## Brief:
The answer should contain only the lines from the beginning of the entries through the line that holds "Tai Nghe Bluetooth", given again exactly, with no pictures.

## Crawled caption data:

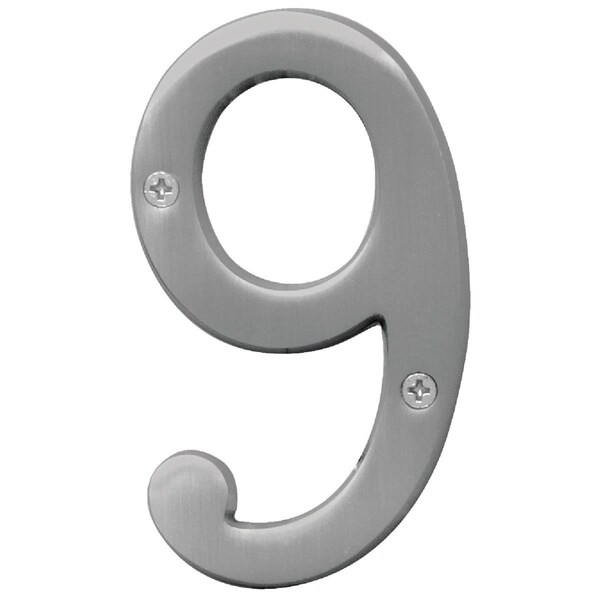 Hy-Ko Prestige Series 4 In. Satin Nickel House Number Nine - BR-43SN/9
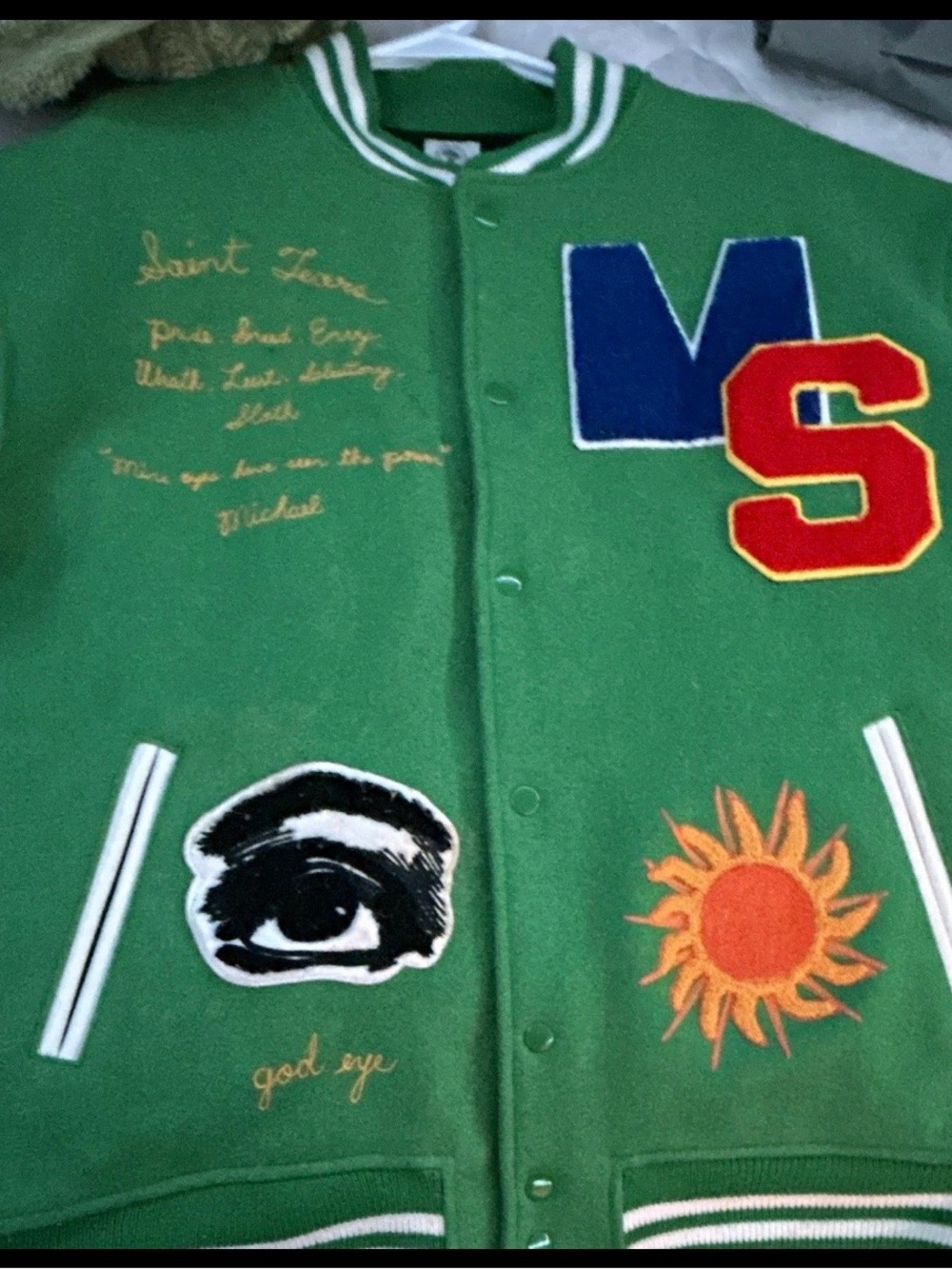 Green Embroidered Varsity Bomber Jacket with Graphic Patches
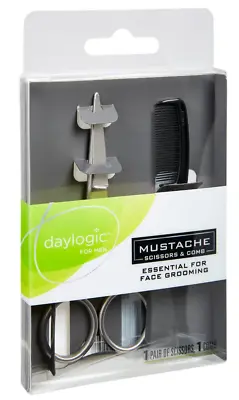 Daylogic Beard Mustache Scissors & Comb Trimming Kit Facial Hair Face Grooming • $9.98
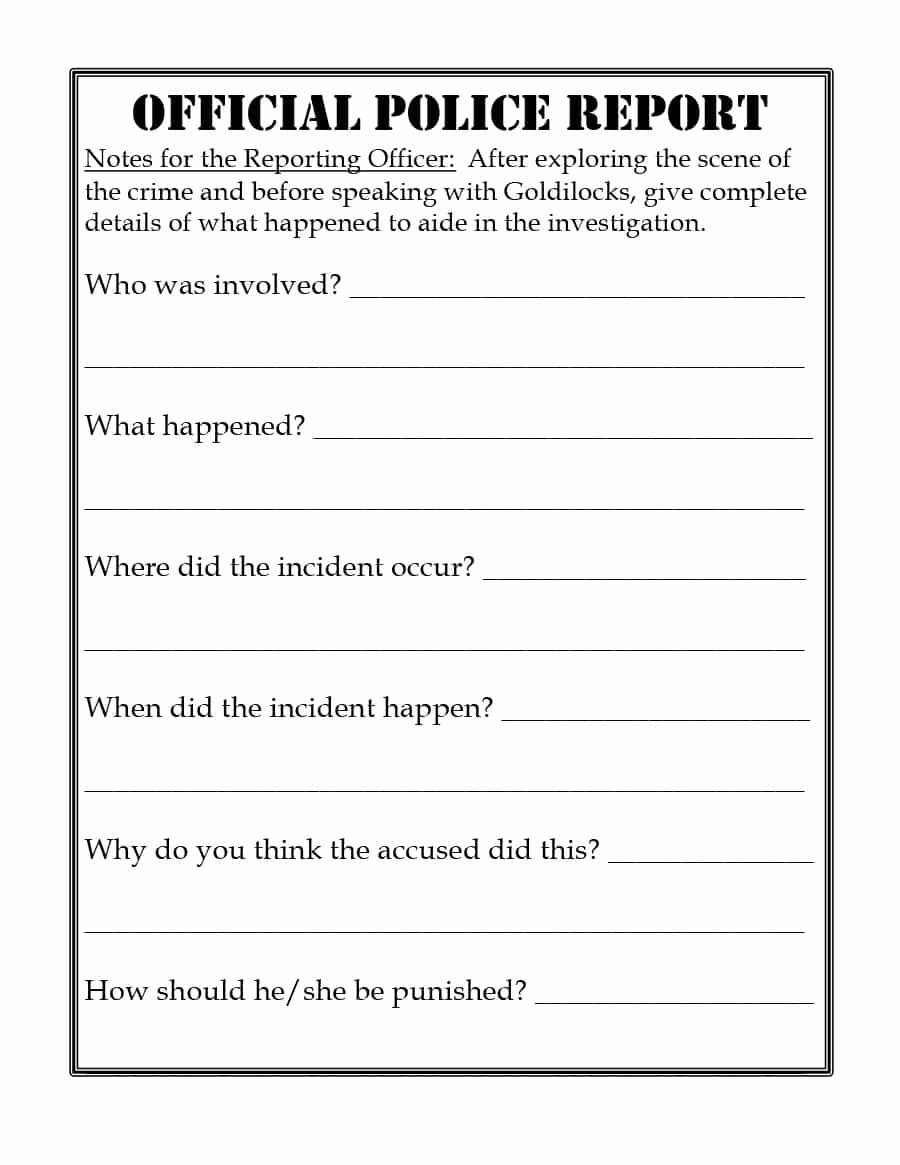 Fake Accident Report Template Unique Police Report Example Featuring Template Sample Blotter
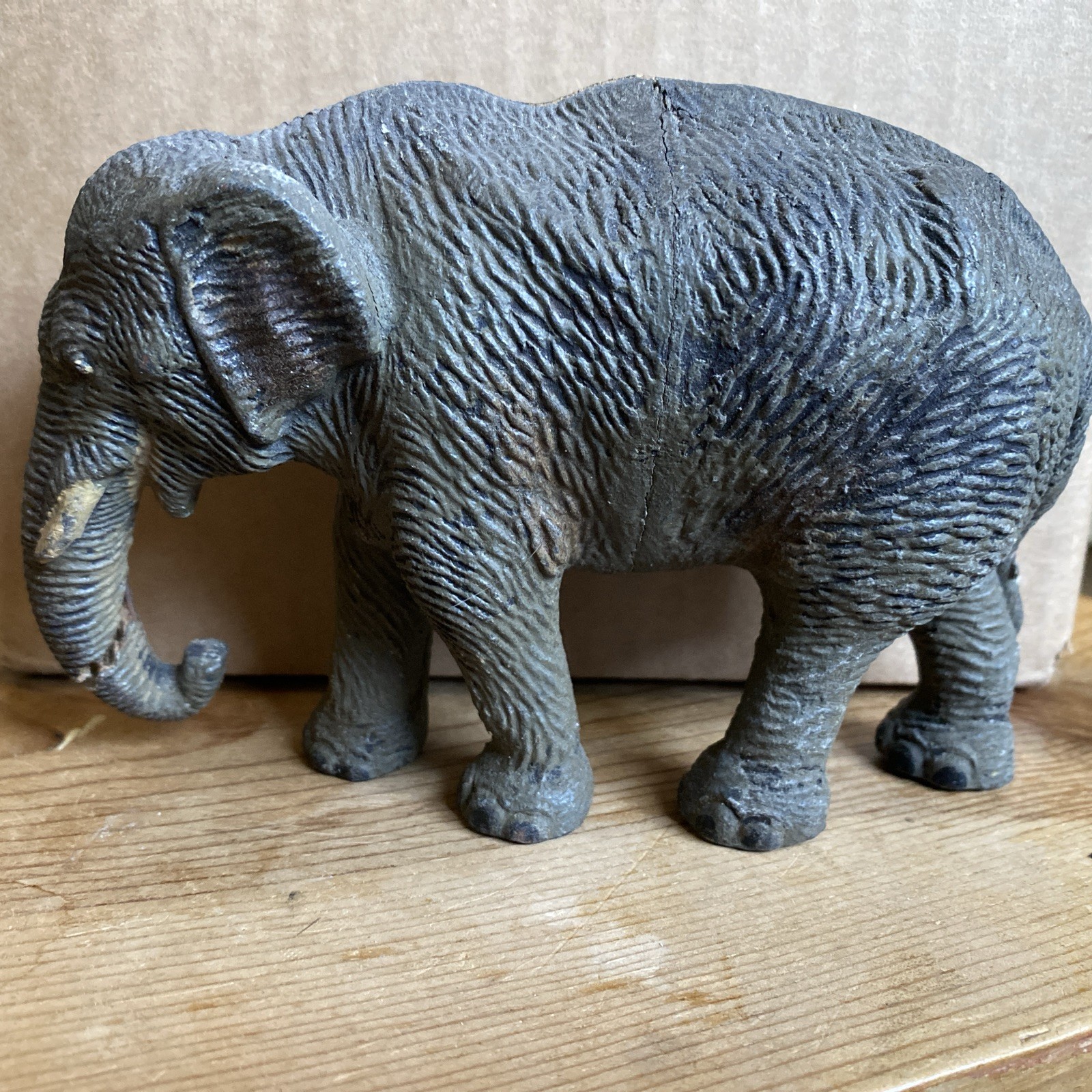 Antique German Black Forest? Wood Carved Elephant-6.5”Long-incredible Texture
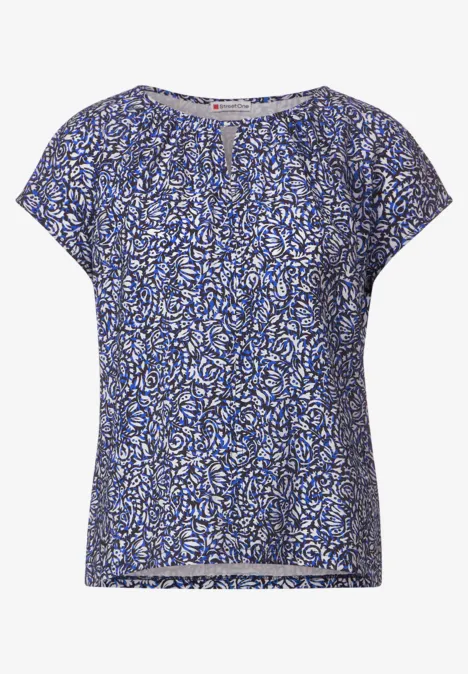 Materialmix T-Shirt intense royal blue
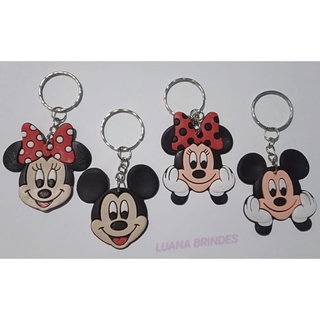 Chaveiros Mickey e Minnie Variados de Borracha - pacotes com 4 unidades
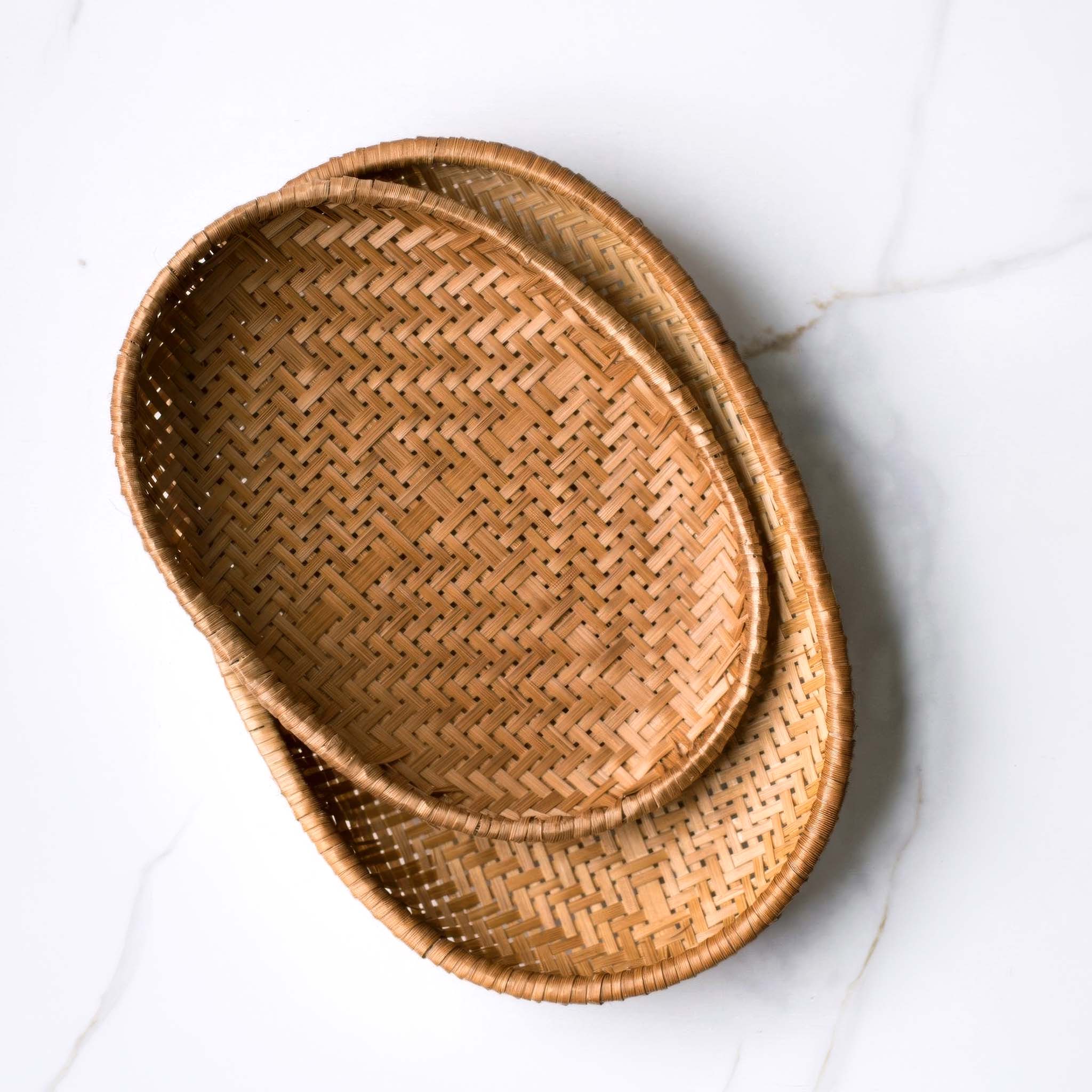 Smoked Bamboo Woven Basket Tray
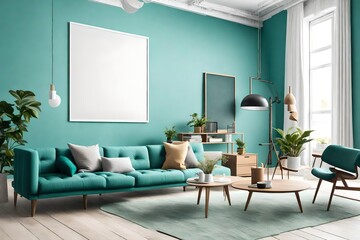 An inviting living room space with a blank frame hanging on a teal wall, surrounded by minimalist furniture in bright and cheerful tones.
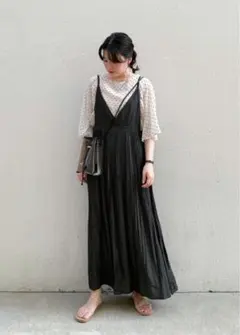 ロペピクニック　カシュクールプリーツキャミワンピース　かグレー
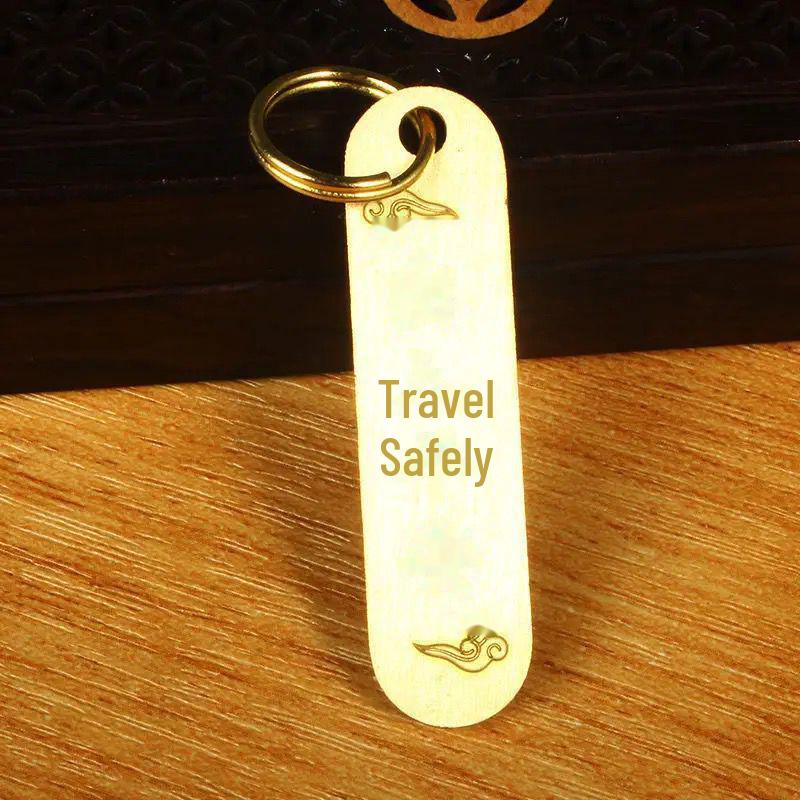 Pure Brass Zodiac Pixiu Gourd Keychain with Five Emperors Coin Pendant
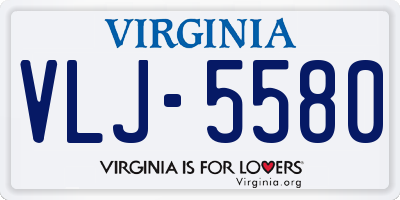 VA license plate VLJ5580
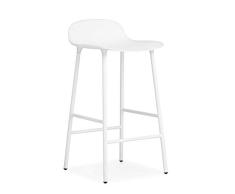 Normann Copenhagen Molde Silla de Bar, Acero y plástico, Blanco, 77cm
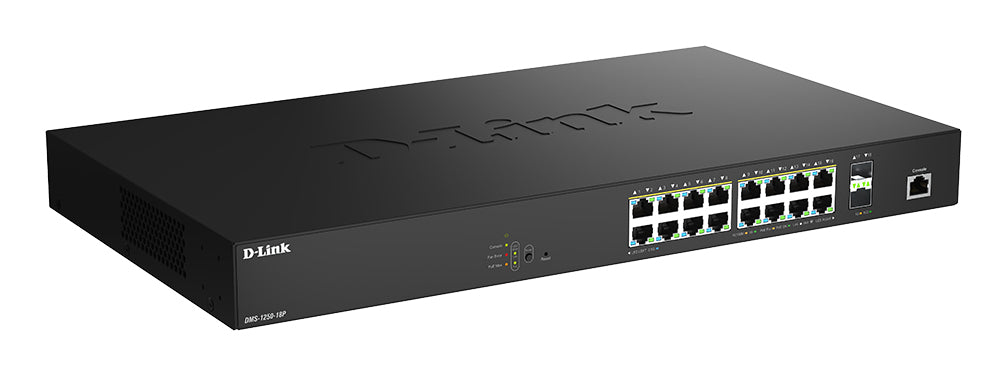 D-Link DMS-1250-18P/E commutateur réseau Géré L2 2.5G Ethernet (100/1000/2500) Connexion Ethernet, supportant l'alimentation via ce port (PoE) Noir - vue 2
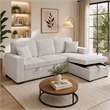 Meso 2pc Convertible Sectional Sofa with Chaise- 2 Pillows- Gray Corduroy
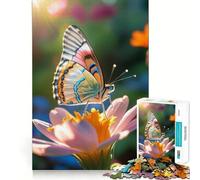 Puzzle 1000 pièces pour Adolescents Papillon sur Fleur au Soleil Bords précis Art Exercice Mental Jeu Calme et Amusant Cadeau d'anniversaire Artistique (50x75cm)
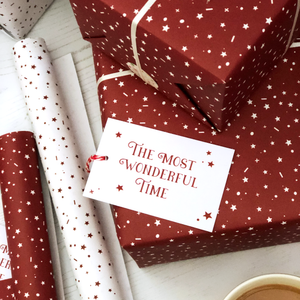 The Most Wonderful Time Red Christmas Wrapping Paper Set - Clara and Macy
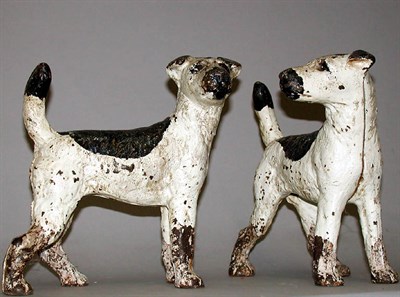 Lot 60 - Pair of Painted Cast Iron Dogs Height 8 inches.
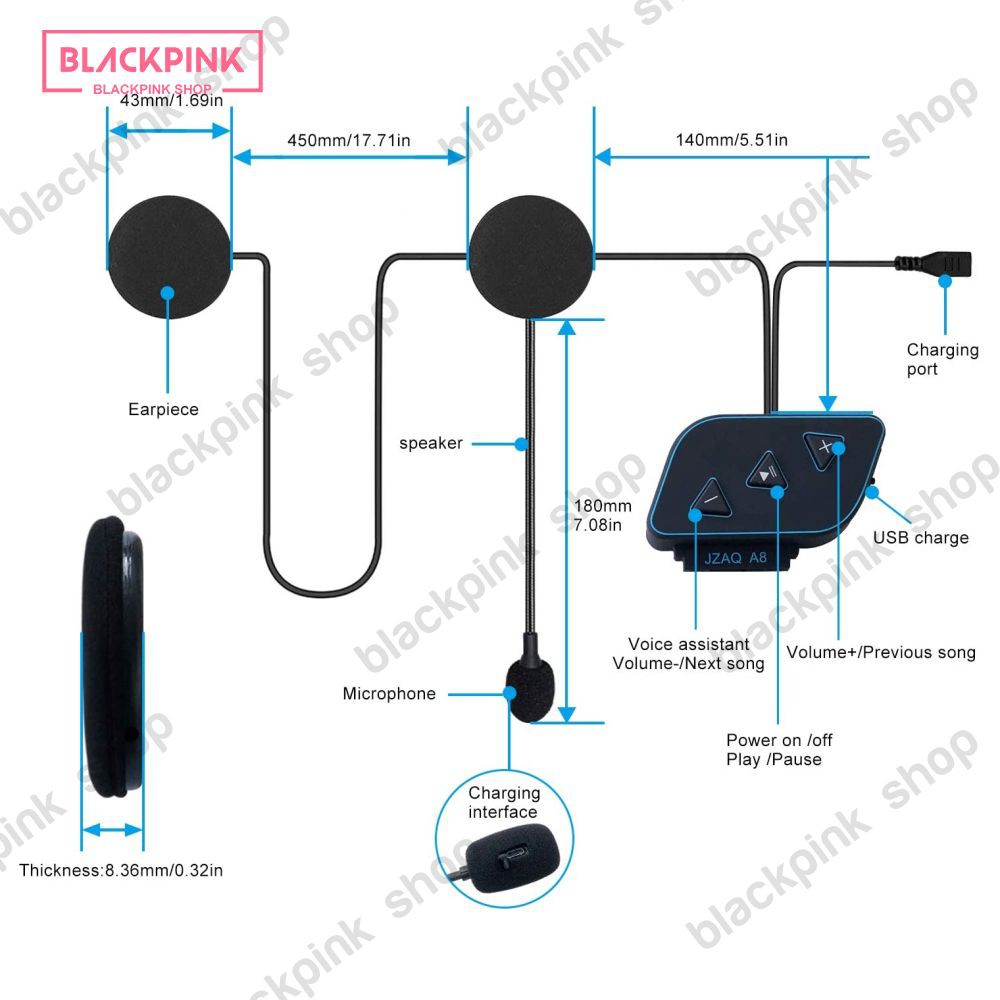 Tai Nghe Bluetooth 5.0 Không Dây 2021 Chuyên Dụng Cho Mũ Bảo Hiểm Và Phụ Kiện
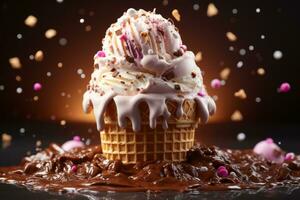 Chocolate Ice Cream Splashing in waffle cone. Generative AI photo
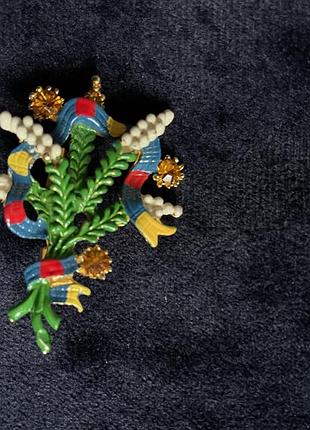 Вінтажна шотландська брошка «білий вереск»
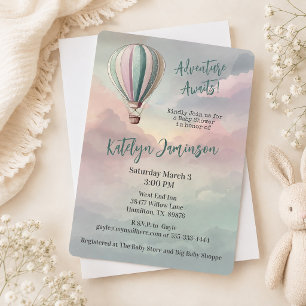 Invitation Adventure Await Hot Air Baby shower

## Answer to this task:
 Hy-Ko Prestige Series 4 In. Satin Nickel House Number Nine - BR-43SN/9
 Green Embroidered Varsity Bomber Jacket with Graphic Patches
 Daylogic Beard Mustache Scissors & Comb Trimming Kit Facial Hair Face Grooming • $9.98
 Fake Accident Report Template Unique Police Report Example Featuring Template Sample Blotter
 Antique German Black Forest? Wood Carved Elephant-6.5”Long-incredible Texture
 Materialmix T-Shirt intense royal blue
 Chaveiros Mickey e Minnie Variados de Borracha - pacotes com 4 unidades
 Smoked Bamboo Woven Basket Tray
 An inviting living room space with a blank frame hanging on a teal wall, surrounded by minimalist furniture in bright and cheerful tones.
 ロペピクニック　カシュクールプリーツキャミワンピース　かグレー
 Pure Brass Zodiac Pixiu Gourd Keychain with Five Emperors Coin Pendant
 VA license plate VLJ5580
 Normann Copenhagen Molde Silla de Bar, Acero y plástico, Blanco, 77cm
 D-Link DMS-1250-18P/E commutateur réseau Géré L2 2.5G Ethernet (100/1000/2500) Connexion Ethernet, supportant l'alimentation via ce port (PoE) Noir - vue 2
 Meso 2pc Convertible Sectional Sofa with Chaise- 2 Pillows- Gray Corduroy
 Puzzle 1000 pièces pour Adolescents Papillon sur Fleur au Soleil Bords précis Art Exercice Mental Jeu Calme et Amusant Cadeau d'anniversaire Artistique (50x75cm)
 The Most Wonderful Time Red Christmas Wrapping Paper Set - Clara and Macy
 Lot 60 - Pair of Painted Cast Iron Dogs Height 8 inches.
 Tai Nghe Bluetooth 5.0 Không Dây 2021 Chuyên Dụng Cho Mũ Bảo Hiểm Và Phụ Kiện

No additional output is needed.